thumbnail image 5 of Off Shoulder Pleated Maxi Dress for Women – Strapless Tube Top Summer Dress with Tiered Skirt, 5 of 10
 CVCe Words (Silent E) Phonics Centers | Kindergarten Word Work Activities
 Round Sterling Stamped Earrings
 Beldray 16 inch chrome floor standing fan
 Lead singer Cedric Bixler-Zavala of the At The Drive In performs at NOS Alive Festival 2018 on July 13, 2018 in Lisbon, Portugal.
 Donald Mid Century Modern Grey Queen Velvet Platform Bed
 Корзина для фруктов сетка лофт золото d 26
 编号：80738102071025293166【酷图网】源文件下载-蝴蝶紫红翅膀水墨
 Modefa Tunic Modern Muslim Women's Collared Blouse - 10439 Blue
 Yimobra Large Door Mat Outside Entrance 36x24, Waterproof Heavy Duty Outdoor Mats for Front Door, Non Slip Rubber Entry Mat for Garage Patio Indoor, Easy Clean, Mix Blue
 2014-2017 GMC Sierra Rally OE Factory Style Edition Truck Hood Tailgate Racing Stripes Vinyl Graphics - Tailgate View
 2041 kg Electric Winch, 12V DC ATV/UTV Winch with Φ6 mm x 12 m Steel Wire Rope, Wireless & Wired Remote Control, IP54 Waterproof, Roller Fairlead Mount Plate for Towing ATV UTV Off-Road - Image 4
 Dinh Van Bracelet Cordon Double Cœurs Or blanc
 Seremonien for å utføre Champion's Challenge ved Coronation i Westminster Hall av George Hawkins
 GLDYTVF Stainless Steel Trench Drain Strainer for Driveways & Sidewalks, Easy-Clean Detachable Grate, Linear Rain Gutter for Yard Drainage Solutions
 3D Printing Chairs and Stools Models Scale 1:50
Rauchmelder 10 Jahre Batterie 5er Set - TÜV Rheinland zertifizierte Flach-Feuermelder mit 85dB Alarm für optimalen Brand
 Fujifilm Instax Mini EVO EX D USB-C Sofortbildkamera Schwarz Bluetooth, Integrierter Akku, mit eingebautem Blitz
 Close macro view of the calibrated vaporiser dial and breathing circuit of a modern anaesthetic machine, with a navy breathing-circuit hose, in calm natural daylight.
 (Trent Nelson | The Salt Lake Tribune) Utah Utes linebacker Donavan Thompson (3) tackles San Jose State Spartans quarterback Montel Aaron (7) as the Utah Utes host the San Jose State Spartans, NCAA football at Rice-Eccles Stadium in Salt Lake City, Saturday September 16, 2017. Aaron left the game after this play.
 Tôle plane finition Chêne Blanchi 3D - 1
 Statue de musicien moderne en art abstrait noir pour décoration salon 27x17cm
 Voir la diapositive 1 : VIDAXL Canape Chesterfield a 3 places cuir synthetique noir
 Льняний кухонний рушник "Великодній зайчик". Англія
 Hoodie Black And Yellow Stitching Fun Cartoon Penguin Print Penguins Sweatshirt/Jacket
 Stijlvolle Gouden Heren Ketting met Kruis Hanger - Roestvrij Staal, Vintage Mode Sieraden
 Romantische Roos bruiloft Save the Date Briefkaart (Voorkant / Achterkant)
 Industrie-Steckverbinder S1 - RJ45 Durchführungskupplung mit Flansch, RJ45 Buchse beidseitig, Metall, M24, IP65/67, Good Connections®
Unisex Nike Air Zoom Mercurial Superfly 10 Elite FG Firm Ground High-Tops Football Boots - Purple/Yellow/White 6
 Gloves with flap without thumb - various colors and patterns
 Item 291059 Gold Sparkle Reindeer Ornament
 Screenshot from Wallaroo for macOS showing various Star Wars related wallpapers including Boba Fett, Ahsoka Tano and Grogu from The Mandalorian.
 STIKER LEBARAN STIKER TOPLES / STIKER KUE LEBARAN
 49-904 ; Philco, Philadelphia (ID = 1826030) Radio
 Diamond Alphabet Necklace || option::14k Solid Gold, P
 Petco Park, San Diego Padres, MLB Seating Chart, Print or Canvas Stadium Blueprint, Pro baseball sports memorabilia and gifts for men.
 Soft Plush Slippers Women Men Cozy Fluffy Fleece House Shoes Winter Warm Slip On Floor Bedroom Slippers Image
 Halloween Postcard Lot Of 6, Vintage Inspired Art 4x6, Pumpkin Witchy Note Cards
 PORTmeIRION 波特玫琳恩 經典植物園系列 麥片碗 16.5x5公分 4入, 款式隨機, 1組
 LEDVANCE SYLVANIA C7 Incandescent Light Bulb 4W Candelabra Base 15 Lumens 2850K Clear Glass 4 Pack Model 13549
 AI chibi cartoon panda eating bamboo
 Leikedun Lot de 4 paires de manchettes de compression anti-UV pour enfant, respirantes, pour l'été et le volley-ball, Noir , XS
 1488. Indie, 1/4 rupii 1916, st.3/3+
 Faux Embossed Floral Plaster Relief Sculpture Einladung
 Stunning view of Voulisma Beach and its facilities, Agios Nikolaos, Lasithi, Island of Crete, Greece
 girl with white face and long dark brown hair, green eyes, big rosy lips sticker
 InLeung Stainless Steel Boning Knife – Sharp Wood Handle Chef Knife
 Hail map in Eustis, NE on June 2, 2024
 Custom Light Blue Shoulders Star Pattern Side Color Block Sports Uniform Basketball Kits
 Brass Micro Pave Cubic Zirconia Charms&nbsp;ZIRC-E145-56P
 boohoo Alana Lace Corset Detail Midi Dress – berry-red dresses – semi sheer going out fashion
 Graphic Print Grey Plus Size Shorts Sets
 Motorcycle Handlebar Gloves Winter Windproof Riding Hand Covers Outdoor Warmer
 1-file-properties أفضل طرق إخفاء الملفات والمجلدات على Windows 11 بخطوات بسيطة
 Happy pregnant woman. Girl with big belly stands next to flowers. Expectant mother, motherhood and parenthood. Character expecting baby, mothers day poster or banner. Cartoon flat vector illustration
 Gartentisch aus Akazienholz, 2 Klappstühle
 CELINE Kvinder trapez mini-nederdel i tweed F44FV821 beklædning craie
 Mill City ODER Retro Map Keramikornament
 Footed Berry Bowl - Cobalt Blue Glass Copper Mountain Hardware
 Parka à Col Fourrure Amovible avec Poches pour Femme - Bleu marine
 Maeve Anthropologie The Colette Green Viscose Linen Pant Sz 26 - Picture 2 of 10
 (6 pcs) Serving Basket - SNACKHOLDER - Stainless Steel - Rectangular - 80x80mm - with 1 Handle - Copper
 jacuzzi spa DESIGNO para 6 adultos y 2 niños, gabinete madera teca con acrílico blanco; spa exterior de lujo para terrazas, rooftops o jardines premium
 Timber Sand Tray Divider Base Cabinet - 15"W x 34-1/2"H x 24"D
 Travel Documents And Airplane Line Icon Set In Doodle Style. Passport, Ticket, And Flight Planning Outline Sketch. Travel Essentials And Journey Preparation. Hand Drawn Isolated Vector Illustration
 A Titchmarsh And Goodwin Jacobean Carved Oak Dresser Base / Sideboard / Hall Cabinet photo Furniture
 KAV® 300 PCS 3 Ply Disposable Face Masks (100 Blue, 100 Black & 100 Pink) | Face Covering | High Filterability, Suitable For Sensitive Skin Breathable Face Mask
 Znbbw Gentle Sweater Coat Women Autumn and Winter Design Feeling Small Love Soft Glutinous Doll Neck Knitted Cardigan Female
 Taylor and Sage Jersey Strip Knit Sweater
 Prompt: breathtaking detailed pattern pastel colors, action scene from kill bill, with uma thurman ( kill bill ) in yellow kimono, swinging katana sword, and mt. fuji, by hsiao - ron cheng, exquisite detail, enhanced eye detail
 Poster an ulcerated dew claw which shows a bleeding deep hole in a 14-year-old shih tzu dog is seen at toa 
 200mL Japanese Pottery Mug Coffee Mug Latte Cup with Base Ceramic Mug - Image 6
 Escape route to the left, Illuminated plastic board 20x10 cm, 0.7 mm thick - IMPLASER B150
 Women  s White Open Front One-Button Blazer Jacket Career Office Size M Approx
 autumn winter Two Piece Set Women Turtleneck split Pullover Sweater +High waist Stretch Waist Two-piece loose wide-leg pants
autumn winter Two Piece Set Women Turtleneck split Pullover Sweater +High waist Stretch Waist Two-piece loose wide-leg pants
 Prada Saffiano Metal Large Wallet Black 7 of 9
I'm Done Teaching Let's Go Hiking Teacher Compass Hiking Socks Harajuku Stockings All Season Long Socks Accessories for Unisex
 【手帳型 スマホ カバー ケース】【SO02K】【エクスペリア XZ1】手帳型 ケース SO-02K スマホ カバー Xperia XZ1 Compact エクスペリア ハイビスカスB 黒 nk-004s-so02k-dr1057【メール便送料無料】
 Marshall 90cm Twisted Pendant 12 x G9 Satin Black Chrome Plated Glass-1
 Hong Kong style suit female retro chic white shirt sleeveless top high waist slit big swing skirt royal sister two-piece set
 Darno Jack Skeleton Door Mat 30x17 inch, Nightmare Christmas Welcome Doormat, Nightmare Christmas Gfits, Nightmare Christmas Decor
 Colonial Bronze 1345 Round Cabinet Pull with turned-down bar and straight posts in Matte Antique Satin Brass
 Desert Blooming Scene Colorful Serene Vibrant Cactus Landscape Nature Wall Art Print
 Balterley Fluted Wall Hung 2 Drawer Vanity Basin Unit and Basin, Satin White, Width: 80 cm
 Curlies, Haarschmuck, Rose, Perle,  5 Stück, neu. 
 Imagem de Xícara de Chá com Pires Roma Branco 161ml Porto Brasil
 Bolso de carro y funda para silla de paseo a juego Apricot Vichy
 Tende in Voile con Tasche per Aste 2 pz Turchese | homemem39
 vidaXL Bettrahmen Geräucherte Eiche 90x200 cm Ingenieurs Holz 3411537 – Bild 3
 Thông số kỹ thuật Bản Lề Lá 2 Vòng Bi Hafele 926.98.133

+ + + + + + +

Your answer must be the lines above from the one containing "Hong Kong style" to the one containing "Bolso de carro", both included, restated word for word.

Response to this task:
 Hong Kong style suit female retro chic white shirt sleeveless top high waist slit big swing skirt royal sister two-piece set
 Darno Jack Skeleton Door Mat 30x17 inch, Nightmare Christmas Welcome Doormat, Nightmare Christmas Gfits, Nightmare Christmas Decor
 Colonial Bronze 1345 Round Cabinet Pull with turned-down bar and straight posts in Matte Antique Satin Brass
 Desert Blooming Scene Colorful Serene Vibrant Cactus Landscape Nature Wall Art Print
 Balterley Fluted Wall Hung 2 Drawer Vanity Basin Unit and Basin, Satin White, Width: 80 cm
 Curlies, Haarschmuck, Rose, Perle,  5 Stück, neu. 
 Imagem de Xícara de Chá com Pires Roma Branco 161ml Porto Brasil
 Bolso de carro y funda para silla de paseo a juego Apricot Vichy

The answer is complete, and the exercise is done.